* Material provided *
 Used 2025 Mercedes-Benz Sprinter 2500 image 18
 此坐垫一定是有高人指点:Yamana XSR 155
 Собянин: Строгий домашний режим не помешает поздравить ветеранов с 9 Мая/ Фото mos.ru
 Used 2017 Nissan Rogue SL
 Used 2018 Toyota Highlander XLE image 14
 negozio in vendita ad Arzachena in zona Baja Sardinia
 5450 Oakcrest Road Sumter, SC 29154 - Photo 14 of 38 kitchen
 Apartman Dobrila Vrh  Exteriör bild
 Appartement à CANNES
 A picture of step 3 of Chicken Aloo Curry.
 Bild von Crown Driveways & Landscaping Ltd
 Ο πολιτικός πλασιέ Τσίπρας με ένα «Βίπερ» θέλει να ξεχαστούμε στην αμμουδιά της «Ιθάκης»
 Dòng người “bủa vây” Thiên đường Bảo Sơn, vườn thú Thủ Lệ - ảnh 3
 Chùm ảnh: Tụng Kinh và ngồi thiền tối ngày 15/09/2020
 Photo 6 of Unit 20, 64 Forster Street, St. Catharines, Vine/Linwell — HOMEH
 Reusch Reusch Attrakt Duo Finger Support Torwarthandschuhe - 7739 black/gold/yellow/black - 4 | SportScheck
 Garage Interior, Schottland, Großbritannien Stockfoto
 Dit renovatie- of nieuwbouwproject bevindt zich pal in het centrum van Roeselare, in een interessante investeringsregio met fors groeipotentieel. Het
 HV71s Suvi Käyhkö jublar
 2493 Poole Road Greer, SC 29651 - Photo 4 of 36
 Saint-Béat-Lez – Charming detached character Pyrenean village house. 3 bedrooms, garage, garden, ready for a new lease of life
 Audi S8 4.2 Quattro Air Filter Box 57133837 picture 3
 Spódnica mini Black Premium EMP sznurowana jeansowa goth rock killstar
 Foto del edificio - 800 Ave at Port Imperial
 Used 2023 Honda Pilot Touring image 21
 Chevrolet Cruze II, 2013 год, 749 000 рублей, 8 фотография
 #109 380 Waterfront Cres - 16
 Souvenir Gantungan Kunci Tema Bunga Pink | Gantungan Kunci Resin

* What needs to be done *
Could you copy each line in the listing above that includes the word "Road"?

* Final answer *
 5450 Oakcrest Road Sumter, SC 29154 - Photo 14 of 38 kitchen
 2493 Poole Road Greer, SC 29651 - Photo 4 of 36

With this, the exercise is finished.